Das war normal, damit bin ich aufgewachsen, aber das dürfte sich heute schon alleine gesellschaftlich und durch all die Auflagen, die es nun gibt, niemand mehr erlauben. Und warum ist das zum Teil so gekommen? Der Boom an Auslandshunden, verliebt und bestellt via Foto, die Schwemme von Vermehrern, die über die Jahre ebenfalls stetig zugenommen hat. Wilde und bunte Rassemixe, Hybridrassen, überall kommt man easy an die verrücktesten Hunde. Das war früher nicht so, finde ich zumindest. Die Hundedichte (und eben nicht nur nette Hunde) hat extrem zugenommen und damit auch das Potenzial für Negativbeispiele.

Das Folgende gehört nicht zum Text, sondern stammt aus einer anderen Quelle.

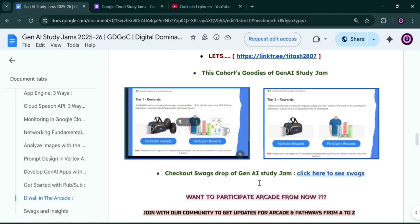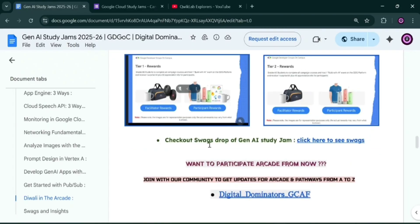One note: some swags shown are not for participants — they are specifically for GDG on Campus leads. So participants should not worry about those particular items, as those swags are only for GDG on Campus leads.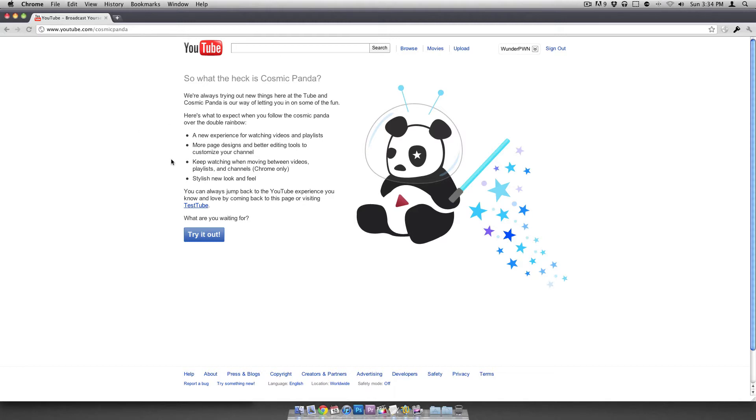It says they're trying stuff out. It's a new experience for watching videos, more page designs, better editing tools, and stylish new look and feel. So I'll go ahead and try it out.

Daraus resultieren Auflagen/Gesetze und das macht Neuhundehaltern u. a. Druck, ihr neues Familienmitglied muss perfekt erzogen werden. Durch Internet, zig Hundeschulen, selbsternannte Trainer, Ernährungsberater und co. hat man nun natürlich auch die Möglichkeiten dazu. Aber so extrem viele Anlaufstellen und verschiedene Meinungen, da stimme ich dir zu, können eben auch verwirrend sein und zur Überforderung mit der ganzen Situation führen, vor allem für Ersthundbesitzer. Ich zumindest hatte mit meiner ersten Hündin immer wieder das Gefühl, NICHTS richtig zu machen.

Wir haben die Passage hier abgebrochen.